• _Assignment_:
Once the line containing "La Era De Omán capítulo 23 página 40" is located in the records below, repeat it and all lines that follow it exactly, leaving out any picture.
Data for processing START
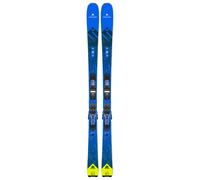 Dynastar - Downhill Ski - Speed 4X4 363 Ti + XP11 2024 for Men in Wood - Size 179 cm - Blue Blue 179 cm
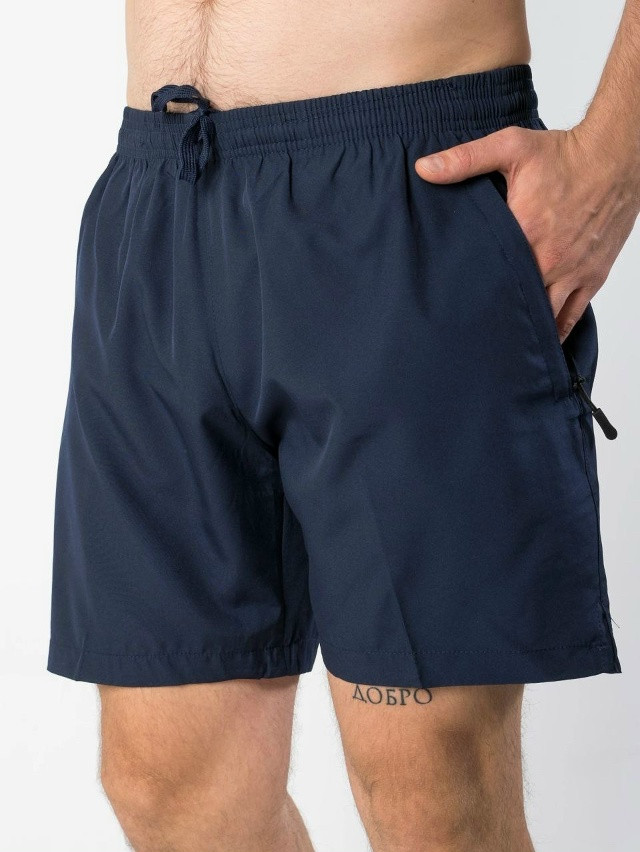 Мужские шорты темно-синие купить в Интернет-магазине Садовод База - цена 350 руб Садовод интернет-каталог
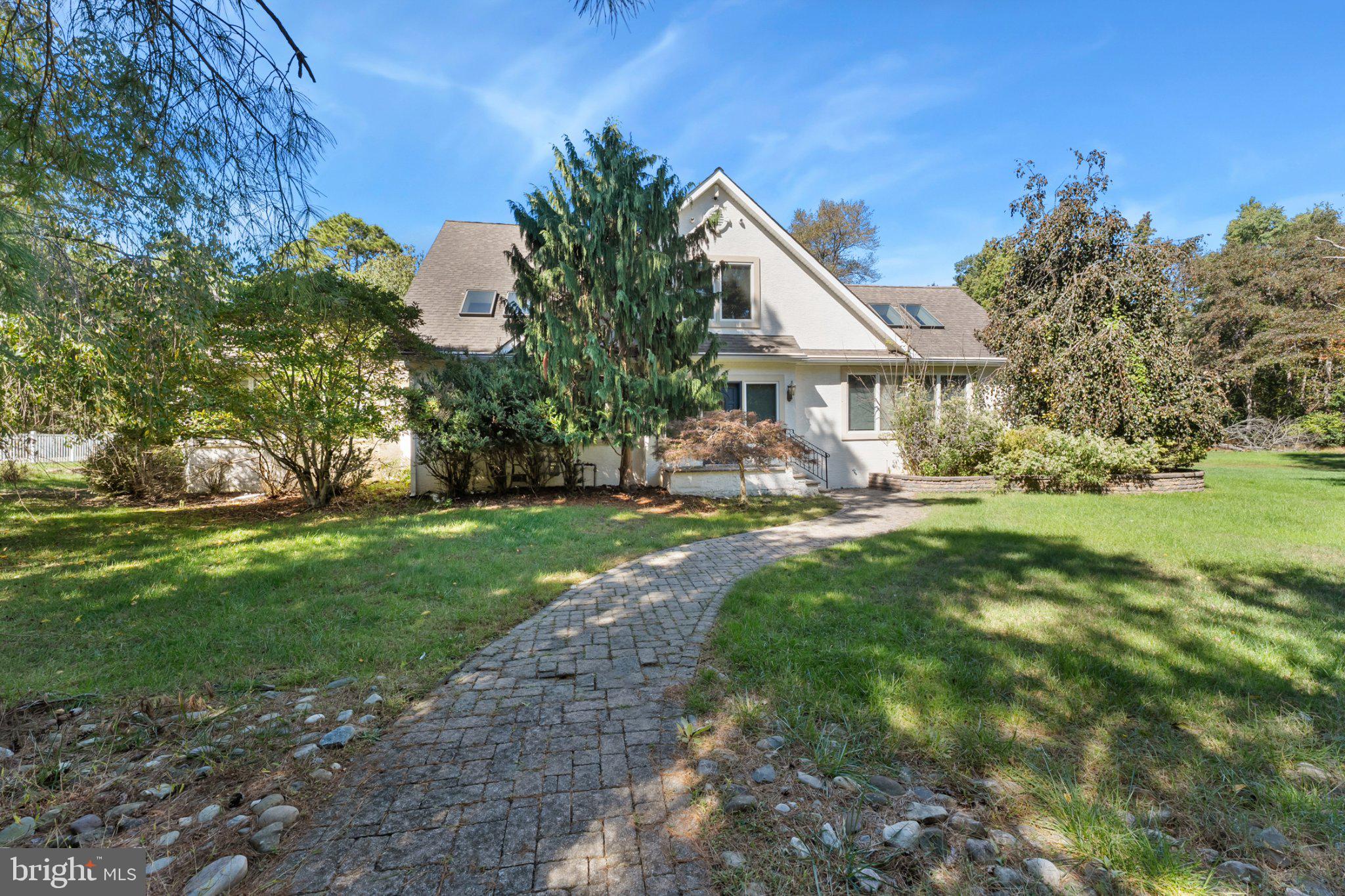 162 Tuckerton Rd, Medford, NJ 08055 photo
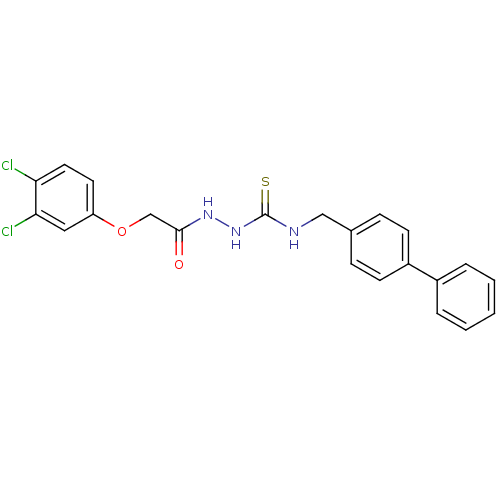 Chemical structure of BindingDB Monomer ID 50441613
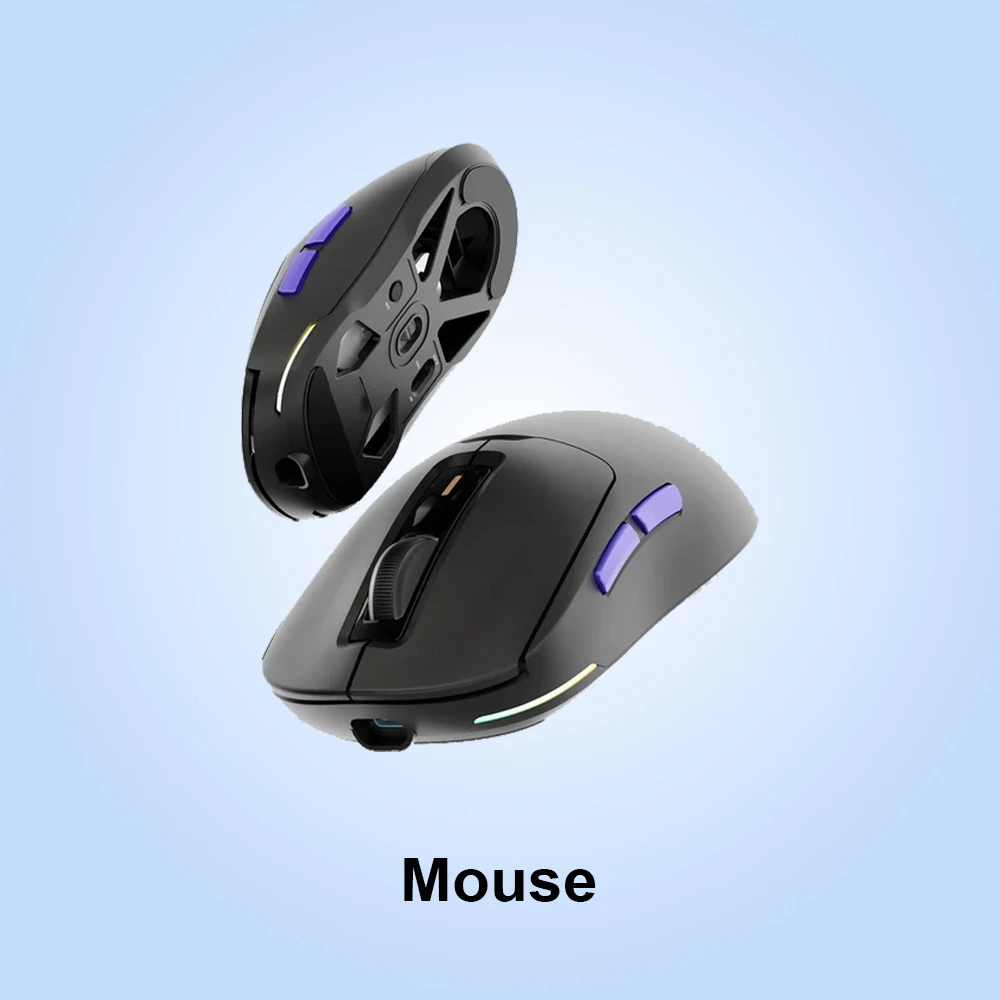 Mouse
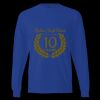 Adult Long-Sleeve Beefy-T® Thumbnail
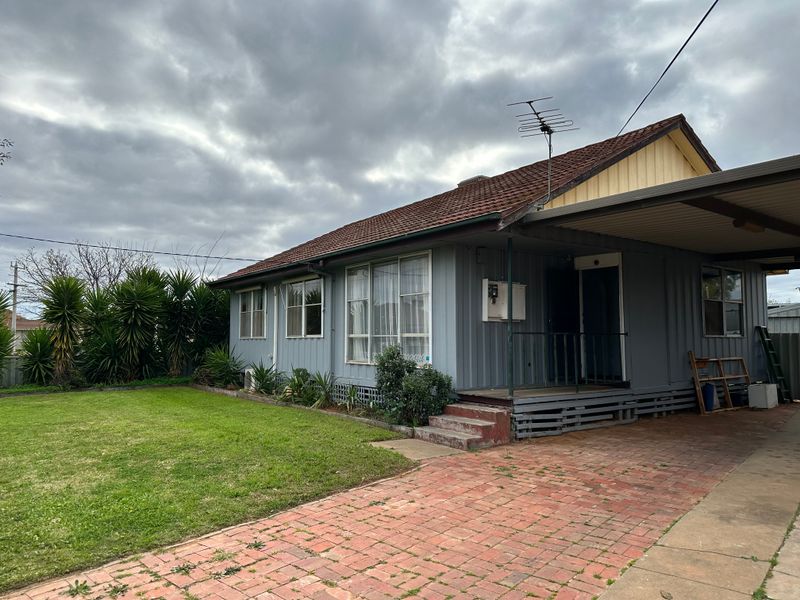 29 Brian Crescent, Mildura VIC 3500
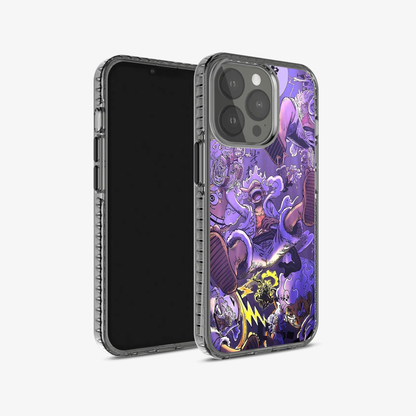 Luffy Anime Stride 2.0 Case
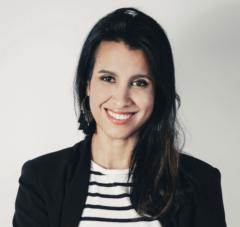 Francesca Biaggi Ortega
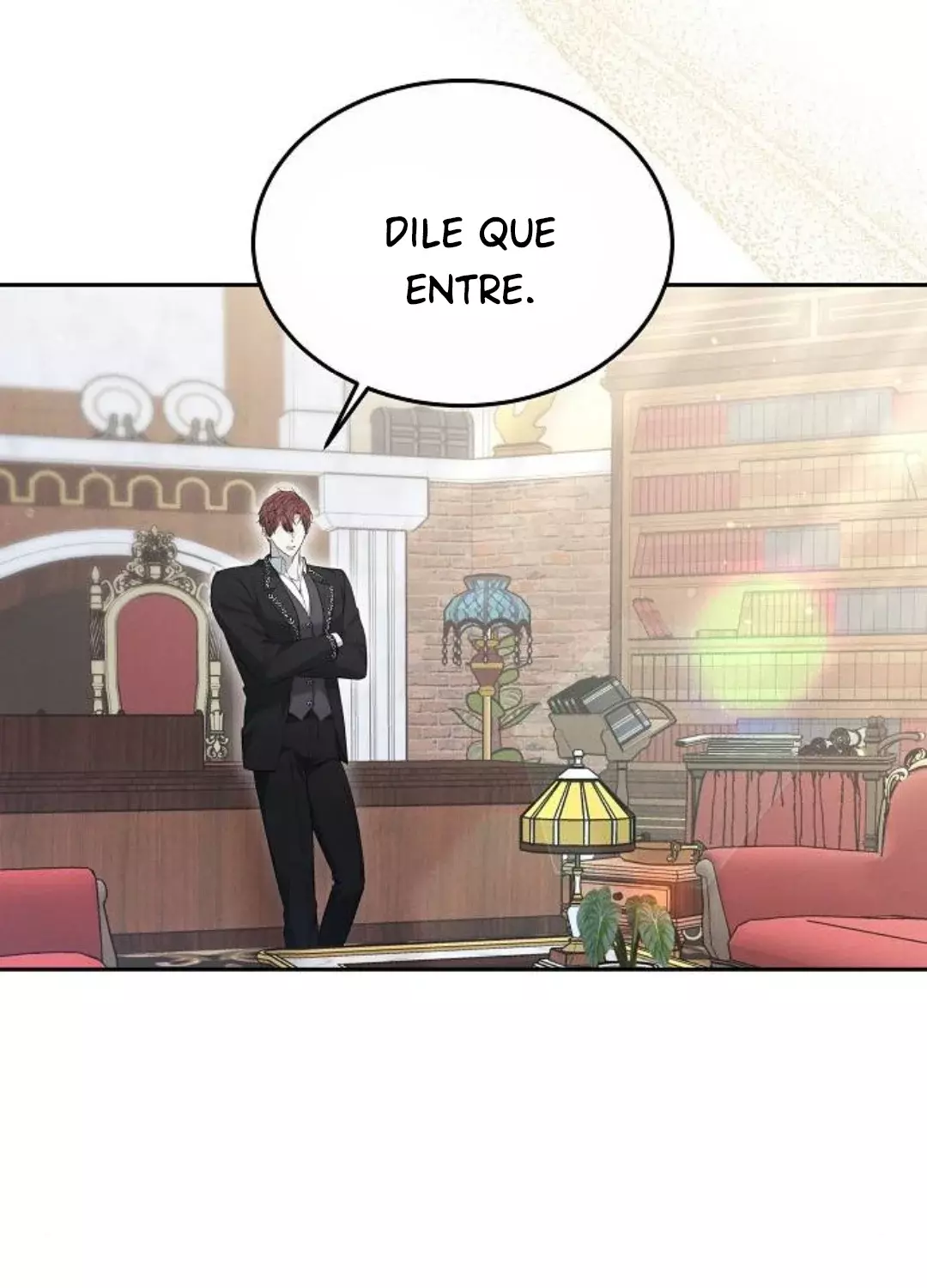 La Era De Omán capítulo 23 página 40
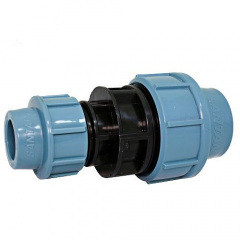 Муфта зажимная Santan 40х25 Ворожба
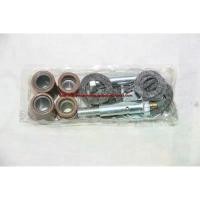 ราคา บู้ชโช๊คหน้า C70 C50 C700 C900 C900Custom Honda บู้ชตะเกียบหน้า สินค้าใหม่ Front Fork Bushing Firstmotorshop คําแนะนําผลิตภัณฑ์ใหม่ของเดือนนี้ (1732165244252096146)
Data for processing END
• _Solution_:
 La Era De Omán capítulo 23 página 40
 Муфта зажимная Santan 40х25 Ворожба
 ราคา บู้ชโช๊คหน้า C70 C50 C700 C900 C900Custom Honda บู้ชตะเกียบหน้า สินค้าใหม่ Front Fork Bushing Firstmotorshop คําแนะนําผลิตภัณฑ์ใหม่ของเดือนนี้ (1732165244252096146)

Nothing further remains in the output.